For a funny twist, typing commands can be easier for some tasks. After all, it's just pushing buttons. And most people are pretty good at doing that. Just ask their spouses.

Comment Re:Prove it... (Score 1) 826

I don't turn on the even news and see a whole lot of evidence the rest of the world is filled with altruists, who only want what is best for everyone.

Threats sell eyeballs. And the rarer it is, the more news-worthy a topic is.

Unless they involve dripping-with-carebear-level-googly-eye cute or fits in with someone's (controversial) hot topic, the huge and normal amount of common altruists in the human population aren't news.

Helped an old woman across the street? Not news.

Tossed an old woman into traffic? Now we've got a multi-hour breaking story on our hands.

Comment Re:You have us confused... (Score 1) 270

the "free market" is best suited to making sure crooked securities traders don't cheat old people out of their retirement savings.

I am fascinated by this idea. What property of the free market, pray tell, keeps people from being lying cheating scum? After all, if I lie about having the goods once I've got your cash, well who's the richer?

Oh, you say you won't do business with me in the future? But you have no money now since you gave it all to me: you have no future. And get back to work, wage slave - those tacos won't make themselves.

Comment Re:It's easy to overthink even in the simplest cas (Score 1) 394

Lets say you have two programs that print to standard out. You want to send their standard outputs to the standard input of a third program in UNIX.

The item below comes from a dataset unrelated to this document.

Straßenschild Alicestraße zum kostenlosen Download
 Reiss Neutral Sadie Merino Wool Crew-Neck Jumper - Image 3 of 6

In sh and derivatives, you type:

{ program1; program2; } | program3

The { and } enclose a block of commands that are executed in order. The block acts like it glues the standard output, error and input together. So you can do odd things like:

cat useless_use_of_cat.txt | { sort -u | sed -e 's/waste not/want not/g'; } | tail -1

This also works with the while and for loops. So you can write a loop that reads from a file with the "<" operator and pipes that to something else.

Don't forget that last ; before the }. It's an annoying one to forget.

Comment Re:Remember to forget (Score 3, Interesting) 366

I so very much wish I had learned to do this. In general I try not to acquire things I want to keep, but even so, it's becoming a burden.

Ian M. Banks in The Algebraist describes a 'slow' species, the Dwellers, who live so long that their personal houses evolve into museums of antiquity. Some well kept sections housing historical records hard to find elsewhere. Other wings being decayed to the point of hazard, a serious problem when your house is floating in the air of a gas giant.

Like all fictional species, they may be more a comment on humanity and an important insight into us. How different would be we after enough time, enough diaries started and abandoned, and enough partial collections left unfinished?

Good thing we have trash cans. And archeologist's willing to dumpster dive those city dumps.